#### DATA:
● ● ● ●

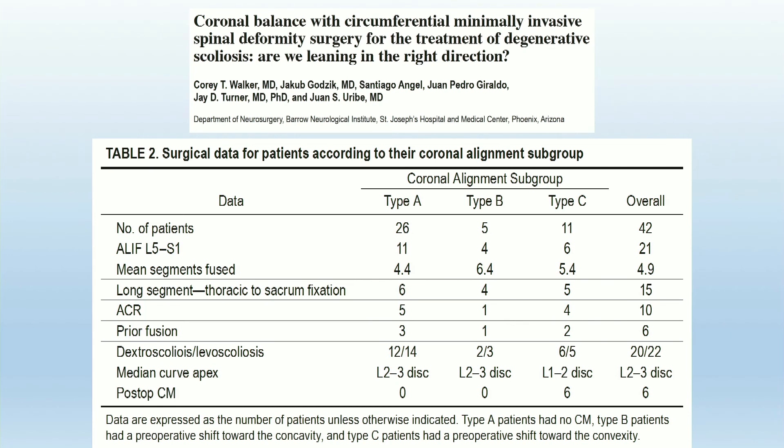This was recently studied by Juan Uribe at Barrow in Arizona, focusing mostly on lateral surgery subsequently treated with posterior percutaneous fixation. As you can see, there was good correction in Type A and Type B curves, but in Type C curves treated with multi-level XLIF, these patients were ending up persistently undercorrected.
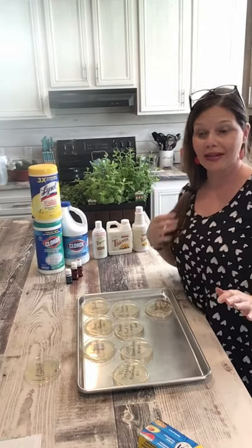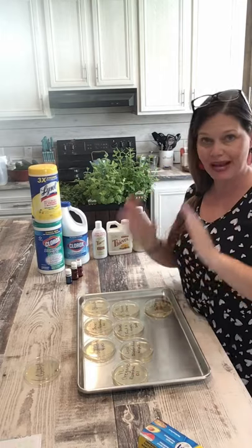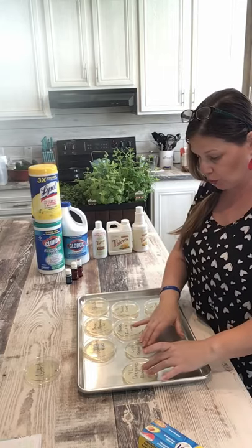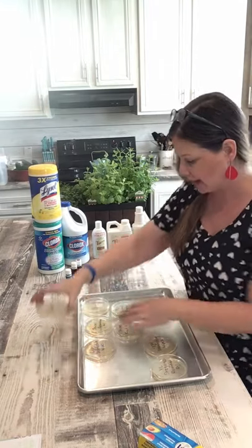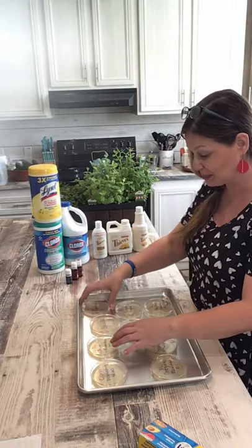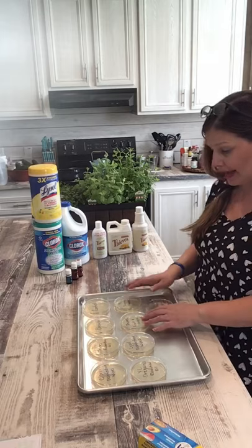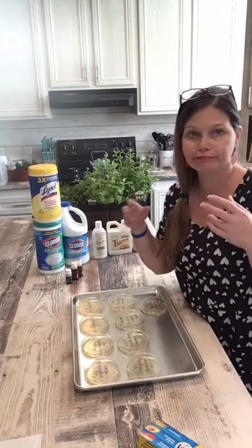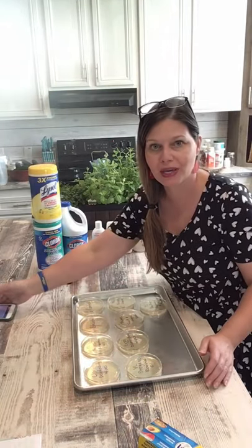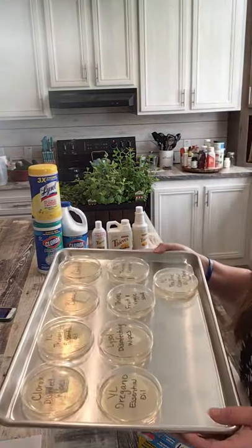Now that they all have the bacteria from the boots and the toilet, I am adding the control back — I was nervous about mixing it up. Now they have to kind of bake or cook. I've heard anywhere between two days to a week, so I will check on these daily.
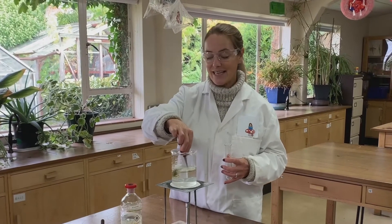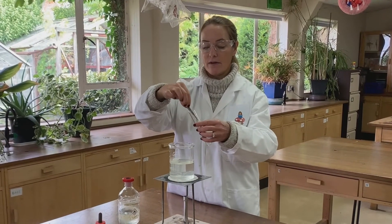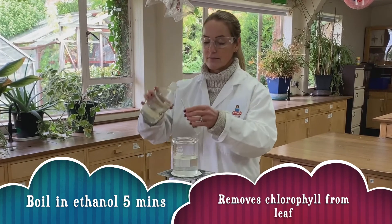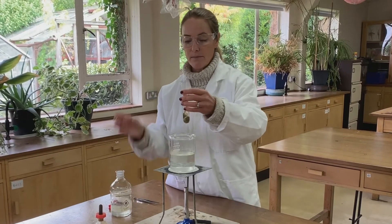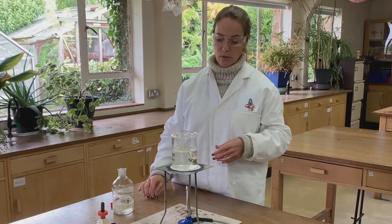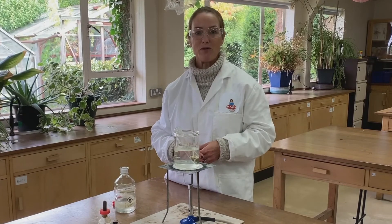We can then take the leaf, put it into the boiling tube, cover it in the ethanol, and put it back into the water. You should be able to see it starting to boil. We're now going to leave that for about five minutes because it takes that long for the ethanol to remove the chlorophyll from the cells.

● ● ● ●

#### DESCRIPTION OF THE TASK:
Repeat each line of the material, unaltered, from the first through the line with "Now that they", and include no pictures.

#### PROBLEM SOLUTION:
This was recently studied by Juan Uribe at Barrow in Arizona, focusing mostly on lateral surgery subsequently treated with posterior percutaneous fixation. As you can see, there was good correction in Type A and Type B curves, but in Type C curves treated with multi-level XLIF, these patients were ending up persistently undercorrected.
Now that they all have the bacteria from the boots and the toilet, I am adding the control back — I was nervous about mixing it up. Now they have to kind of bake or cook. I've heard anywhere between two days to a week, so I will check on these daily.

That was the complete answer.